También son reseñables las cuatro dragonas de la pastelería Foix de Sarrià (son de las poquísimas féminas de dragón representadas en la ciudad); el famoso dragón chino de la casa de los Paraigües de la Rambla, un edificio premodernista de Josep Vilaseca; las grandes lagartijas gaudinianas del templo de la Sagrada Família; o los cocodrilos sumergidos en las aguas de la fuente de la plaza Espanya.
Cautivan de todos ellos, incluso de los más humildes, sus ojos altivos y firmes. Y se comprende: la palabra dragón viene del latín draco, que procede del griego drákon, a su vez derivado de la voz griega dérkomai, que significa mirar con fijeza. Según algunos eruditos, esa cualidad explicaría su condición de guardián mítico de doncellas y tesoros –sistemáticamente ejecutado por dioses, santos o héroes–, aunque otros expertos vinculan el combate legendario entre el caballero y el dragón a mitos indoeuropeos de lucha entre dioses de la guerra y el dragón demoniaco bíblico-babilonio.

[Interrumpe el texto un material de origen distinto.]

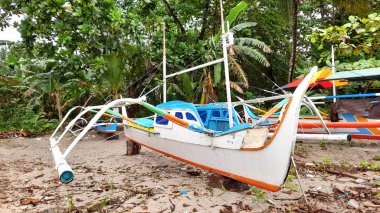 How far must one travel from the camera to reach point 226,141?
4.65 meters

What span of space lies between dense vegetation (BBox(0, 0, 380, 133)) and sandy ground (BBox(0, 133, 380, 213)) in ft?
7.18

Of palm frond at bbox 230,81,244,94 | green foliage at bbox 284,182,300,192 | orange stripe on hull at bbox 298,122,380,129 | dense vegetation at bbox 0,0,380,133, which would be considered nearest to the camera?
green foliage at bbox 284,182,300,192

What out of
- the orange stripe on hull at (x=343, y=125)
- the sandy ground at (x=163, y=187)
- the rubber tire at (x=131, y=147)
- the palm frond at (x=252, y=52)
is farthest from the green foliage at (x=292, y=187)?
the palm frond at (x=252, y=52)

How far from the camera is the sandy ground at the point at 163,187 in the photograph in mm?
4309

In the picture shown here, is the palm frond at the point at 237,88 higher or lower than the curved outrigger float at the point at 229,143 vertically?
higher

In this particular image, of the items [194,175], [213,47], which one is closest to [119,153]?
[194,175]

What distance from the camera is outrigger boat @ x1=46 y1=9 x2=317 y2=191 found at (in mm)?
3676

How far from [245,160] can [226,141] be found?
468 mm

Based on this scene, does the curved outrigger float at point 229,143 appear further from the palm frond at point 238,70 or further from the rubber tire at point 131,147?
the palm frond at point 238,70

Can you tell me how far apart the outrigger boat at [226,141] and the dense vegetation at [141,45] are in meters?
1.04

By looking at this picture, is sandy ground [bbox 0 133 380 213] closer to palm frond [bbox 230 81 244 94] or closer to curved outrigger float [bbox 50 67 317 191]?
curved outrigger float [bbox 50 67 317 191]

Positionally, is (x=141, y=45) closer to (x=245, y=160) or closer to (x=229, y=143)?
(x=229, y=143)

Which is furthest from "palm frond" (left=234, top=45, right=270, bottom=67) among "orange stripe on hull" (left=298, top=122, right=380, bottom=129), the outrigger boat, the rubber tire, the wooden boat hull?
the wooden boat hull

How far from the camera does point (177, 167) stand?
22.4 ft
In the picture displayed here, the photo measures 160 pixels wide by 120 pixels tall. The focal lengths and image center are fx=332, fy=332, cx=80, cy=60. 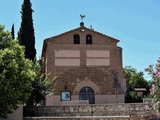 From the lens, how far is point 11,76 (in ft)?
59.6

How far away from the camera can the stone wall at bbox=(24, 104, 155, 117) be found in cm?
2077

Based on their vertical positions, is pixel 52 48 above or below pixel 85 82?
above

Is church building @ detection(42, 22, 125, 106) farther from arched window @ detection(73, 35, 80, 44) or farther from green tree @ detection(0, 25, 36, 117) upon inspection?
green tree @ detection(0, 25, 36, 117)

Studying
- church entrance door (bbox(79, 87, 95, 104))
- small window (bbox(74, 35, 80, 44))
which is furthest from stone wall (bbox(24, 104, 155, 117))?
small window (bbox(74, 35, 80, 44))

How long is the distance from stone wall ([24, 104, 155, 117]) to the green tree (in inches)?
78.3

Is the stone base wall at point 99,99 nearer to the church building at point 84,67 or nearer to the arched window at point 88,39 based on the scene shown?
the church building at point 84,67

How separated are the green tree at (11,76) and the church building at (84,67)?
15168 millimetres

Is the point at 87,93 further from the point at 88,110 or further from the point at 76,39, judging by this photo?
the point at 88,110

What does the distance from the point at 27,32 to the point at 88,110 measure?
→ 53.8ft

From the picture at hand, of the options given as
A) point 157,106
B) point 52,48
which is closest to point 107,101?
point 52,48

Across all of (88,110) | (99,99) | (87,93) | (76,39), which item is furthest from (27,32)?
(88,110)

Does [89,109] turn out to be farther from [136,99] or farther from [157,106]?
[136,99]

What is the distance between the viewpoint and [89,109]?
2095 cm

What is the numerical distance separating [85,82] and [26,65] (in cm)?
1599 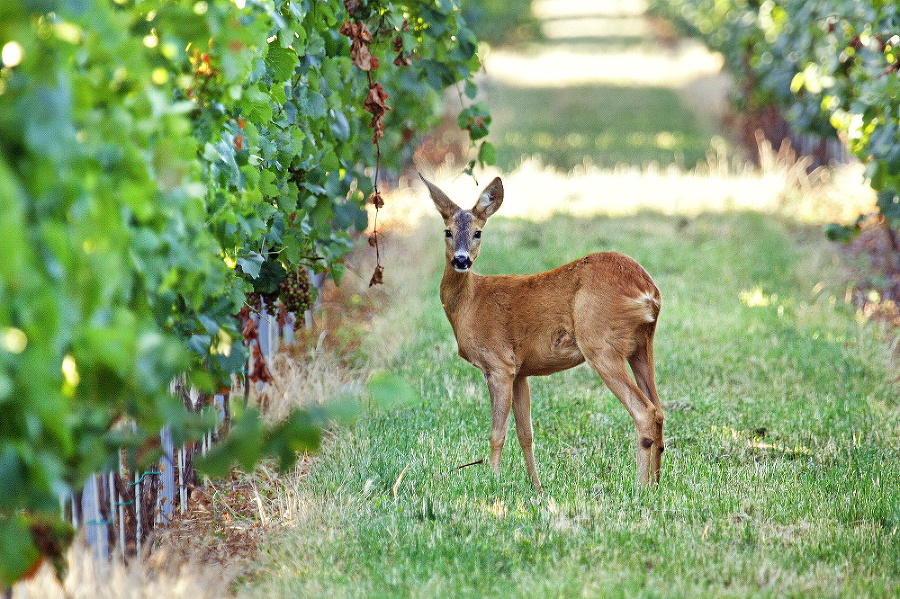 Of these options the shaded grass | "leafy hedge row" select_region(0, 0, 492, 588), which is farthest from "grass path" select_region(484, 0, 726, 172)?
"leafy hedge row" select_region(0, 0, 492, 588)

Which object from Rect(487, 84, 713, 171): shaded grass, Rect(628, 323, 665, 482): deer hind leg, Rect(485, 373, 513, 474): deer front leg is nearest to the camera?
Rect(628, 323, 665, 482): deer hind leg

Para Catalunya, ese caballero es Sant Jordi, que en 1456 fue declarado patrón por las cortes catalanas, reunidas en el coro de la catedral de Barcelona. Es también patrón de Aragón, Inglaterra, Portugal, Grecia, Polonia, Lituania, Bulgaria, Serbia, Rusia y Georgia, entre otros lugares. De Sant Jordi/San Jorge está más documentado su culto que su existencia, pero la leyenda lo sitúa en el siglo III, nacido en Capadocia o Nicomedia, y mártir por decapitación durante la persecución de los cristianos por el emperador romano Diocleciano. Su leyenda llegó a estos lares en el siglo XV.
Algunos dragones de Barcelona aparecen pues junto al Sant Jordi de libros y rosas que hoy se celebra, mientras algunos otros ejemplares son orientales, y denotan el gusto por los elementos exóticos de la burguesía catalana en los tiempos del modernismo. En aquella época la decoración era fundamental, así que los dragones podían campar a sus anchas en muebles, puertas, joyas, cortinas y colchas. Los gustos actuales dificultan su subsistencia como elemento decorativo en Barcelona, pese a la población china que crece y pese a que un escritor como Carlos Ruiz Zafón sea de ellos un apasionado, y acostumbre a llevar uno en la solapa.
Los dragones orientales –seres sin alas pero voladores– son personajes benévolos, cargados de sabiduría, mientras que los dragones occidentales suelen ser considerados maléficos. "El dragón es un monstruo inventado –recuerda el arquitecto Bassegoda Nonell–, por lo que cada artista ha podido apelar a su propia imaginación a la hora de plasmarlo, y por eso son tan diversos".